* PROBLEM DESCRIPTION: Transcribe the records that follow in their entirety, omitting any pictures.

* SOURCE DATA:
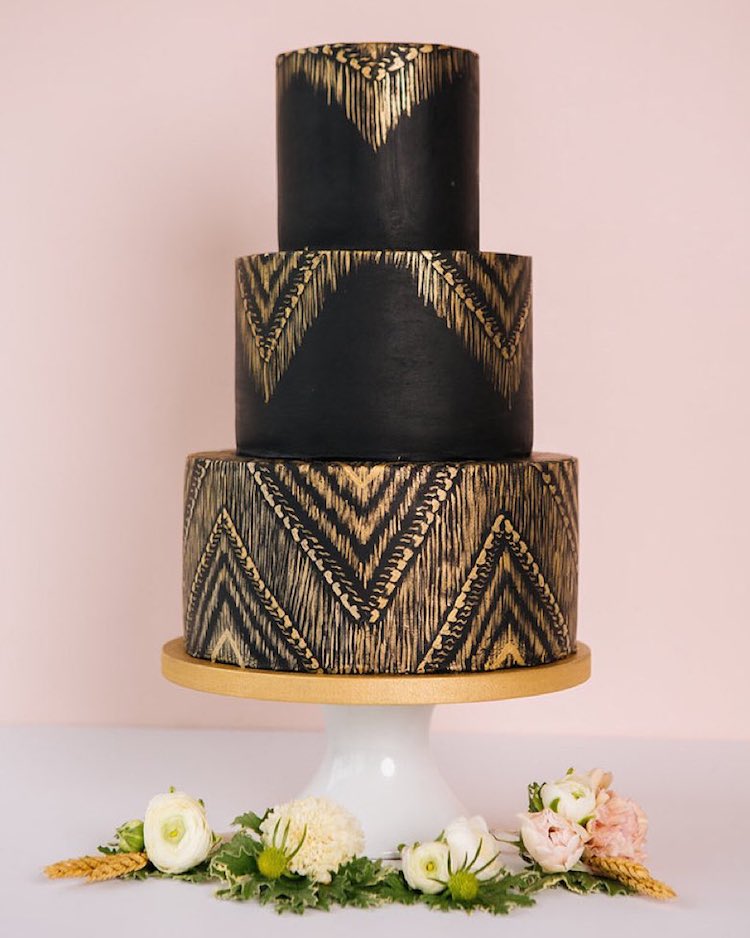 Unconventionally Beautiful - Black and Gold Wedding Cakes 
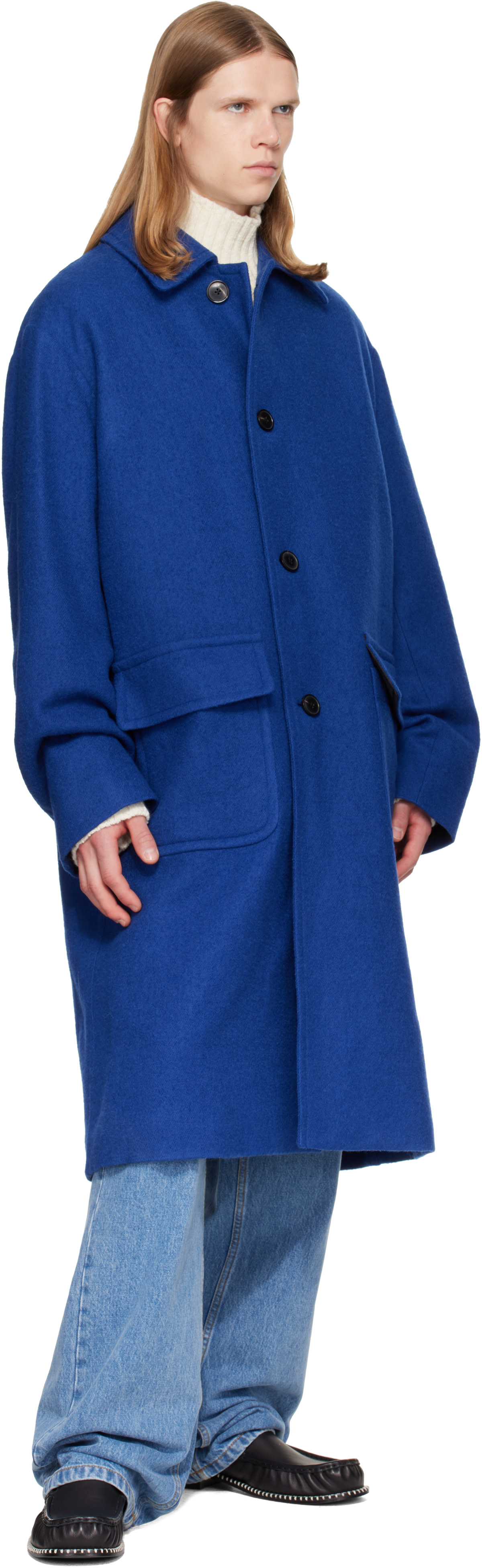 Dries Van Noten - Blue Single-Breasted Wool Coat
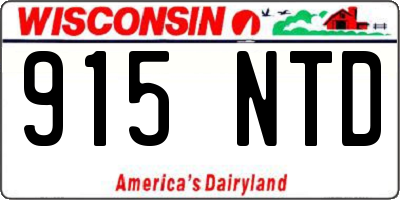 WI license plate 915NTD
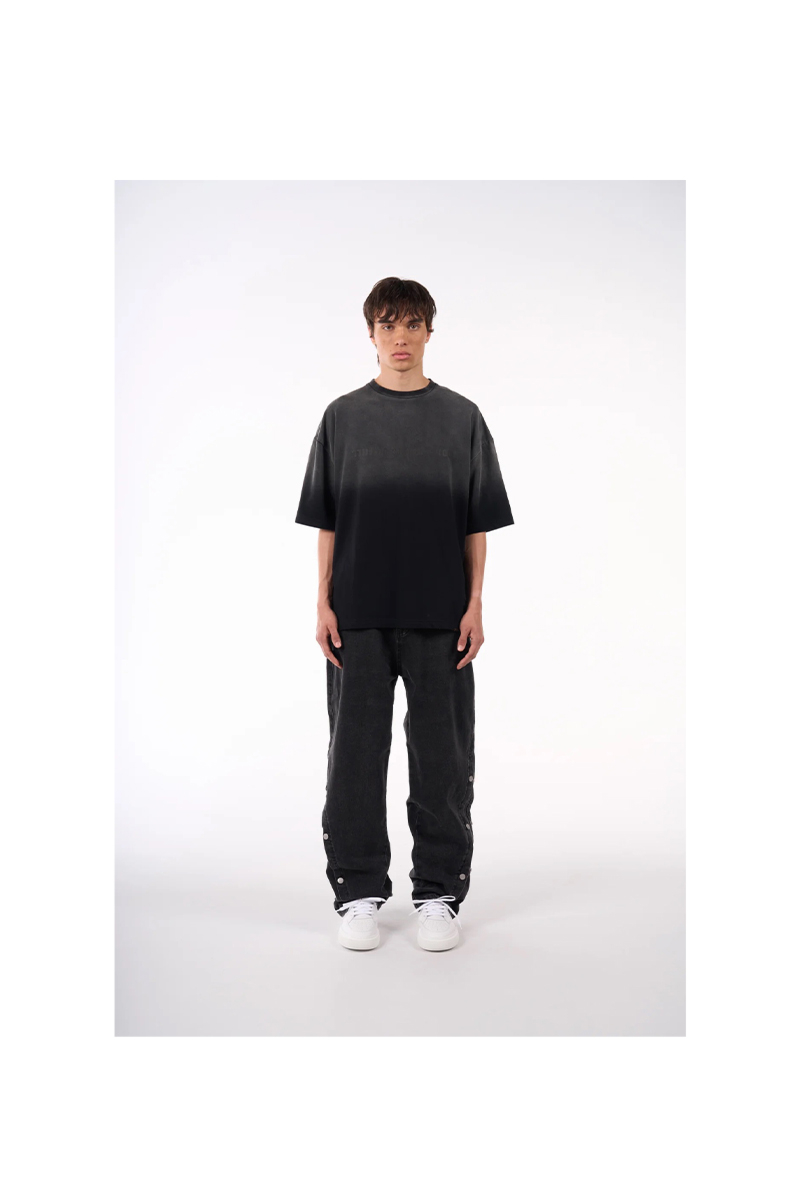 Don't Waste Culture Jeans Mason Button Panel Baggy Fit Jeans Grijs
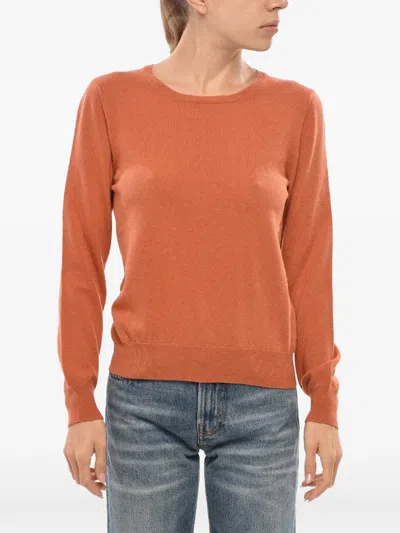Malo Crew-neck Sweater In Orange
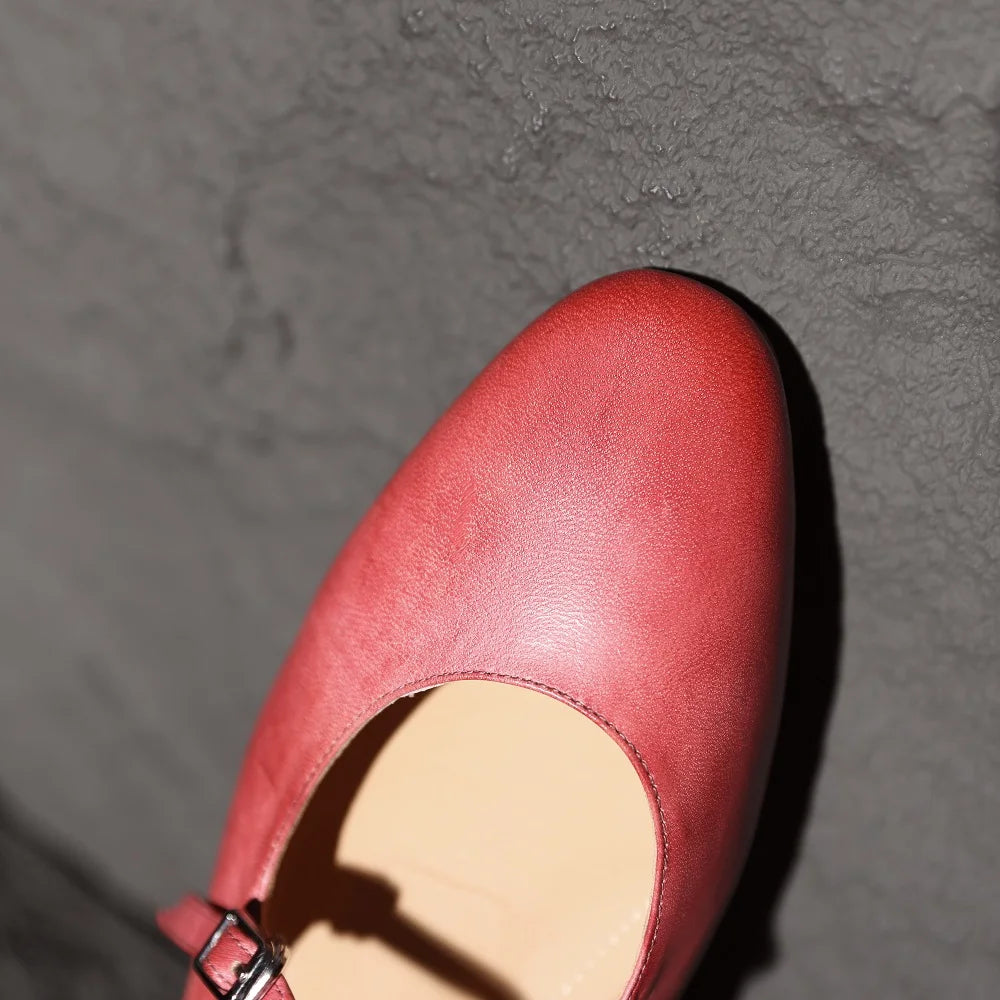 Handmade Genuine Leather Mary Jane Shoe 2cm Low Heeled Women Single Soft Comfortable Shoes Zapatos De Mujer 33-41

* EXERCISE RESPONSE:
 Unconventionally Beautiful - Black and Gold Wedding Cakes 
 Dries Van Noten - Blue Single-Breasted Wool Coat
 WI license plate 915NTD
 Don't Waste Culture Jeans Mason Button Panel Baggy Fit Jeans Grijs
Malo Crew-neck Sweater In Orange
 Handmade Genuine Leather Mary Jane Shoe 2cm Low Heeled Women Single Soft Comfortable Shoes Zapatos De Mujer 33-41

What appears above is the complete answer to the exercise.